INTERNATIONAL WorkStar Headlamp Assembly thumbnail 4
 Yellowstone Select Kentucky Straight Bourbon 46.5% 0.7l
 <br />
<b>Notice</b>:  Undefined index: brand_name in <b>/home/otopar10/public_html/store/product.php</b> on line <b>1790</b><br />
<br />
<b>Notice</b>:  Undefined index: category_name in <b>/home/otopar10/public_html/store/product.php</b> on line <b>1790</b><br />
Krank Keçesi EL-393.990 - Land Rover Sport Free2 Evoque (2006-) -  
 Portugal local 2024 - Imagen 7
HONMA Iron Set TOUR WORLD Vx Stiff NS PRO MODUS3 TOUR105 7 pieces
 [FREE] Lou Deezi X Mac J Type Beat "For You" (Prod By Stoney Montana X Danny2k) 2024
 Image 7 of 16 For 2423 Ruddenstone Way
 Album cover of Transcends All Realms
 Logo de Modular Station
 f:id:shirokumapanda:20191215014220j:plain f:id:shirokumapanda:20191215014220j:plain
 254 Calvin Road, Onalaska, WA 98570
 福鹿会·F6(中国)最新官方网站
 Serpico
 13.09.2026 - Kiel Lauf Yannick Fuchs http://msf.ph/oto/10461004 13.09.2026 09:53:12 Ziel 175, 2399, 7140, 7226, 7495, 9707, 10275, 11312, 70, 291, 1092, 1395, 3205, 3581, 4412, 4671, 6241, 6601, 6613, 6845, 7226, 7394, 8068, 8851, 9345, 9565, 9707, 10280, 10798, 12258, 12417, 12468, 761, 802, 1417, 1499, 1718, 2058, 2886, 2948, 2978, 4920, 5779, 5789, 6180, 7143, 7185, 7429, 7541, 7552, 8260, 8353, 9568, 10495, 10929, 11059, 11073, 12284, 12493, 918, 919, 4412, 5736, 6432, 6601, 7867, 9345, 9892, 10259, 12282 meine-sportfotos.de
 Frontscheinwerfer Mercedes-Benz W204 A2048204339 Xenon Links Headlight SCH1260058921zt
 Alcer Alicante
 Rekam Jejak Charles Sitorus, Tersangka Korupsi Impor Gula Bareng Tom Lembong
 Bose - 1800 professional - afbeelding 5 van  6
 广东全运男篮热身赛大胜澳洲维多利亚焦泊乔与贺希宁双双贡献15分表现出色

* [Task requirements] Exactly the lines from the one with "[FREE] Lou Deezi" through the end of the entries, both included, should be written out, and no others.

* [Expected answer]
 [FREE] Lou Deezi X Mac J Type Beat "For You" (Prod By Stoney Montana X Danny2k) 2024
 Image 7 of 16 For 2423 Ruddenstone Way
 Album cover of Transcends All Realms
 Logo de Modular Station
 f:id:shirokumapanda:20191215014220j:plain f:id:shirokumapanda:20191215014220j:plain
 254 Calvin Road, Onalaska, WA 98570
 福鹿会·F6(中国)最新官方网站
 Serpico
 13.09.2026 - Kiel Lauf Yannick Fuchs http://msf.ph/oto/10461004 13.09.2026 09:53:12 Ziel 175, 2399, 7140, 7226, 7495, 9707, 10275, 11312, 70, 291, 1092, 1395, 3205, 3581, 4412, 4671, 6241, 6601, 6613, 6845, 7226, 7394, 8068, 8851, 9345, 9565, 9707, 10280, 10798, 12258, 12417, 12468, 761, 802, 1417, 1499, 1718, 2058, 2886, 2948, 2978, 4920, 5779, 5789, 6180, 7143, 7185, 7429, 7541, 7552, 8260, 8353, 9568, 10495, 10929, 11059, 11073, 12284, 12493, 918, 919, 4412, 5736, 6432, 6601, 7867, 9345, 9892, 10259, 12282 meine-sportfotos.de
 Frontscheinwerfer Mercedes-Benz W204 A2048204339 Xenon Links Headlight SCH1260058921zt
 Alcer Alicante
 Rekam Jejak Charles Sitorus, Tersangka Korupsi Impor Gula Bareng Tom Lembong
 Bose - 1800 professional - afbeelding 5 van  6
 广东全运男篮热身赛大胜澳洲维多利亚焦泊乔与贺希宁双双贡献15分表现出色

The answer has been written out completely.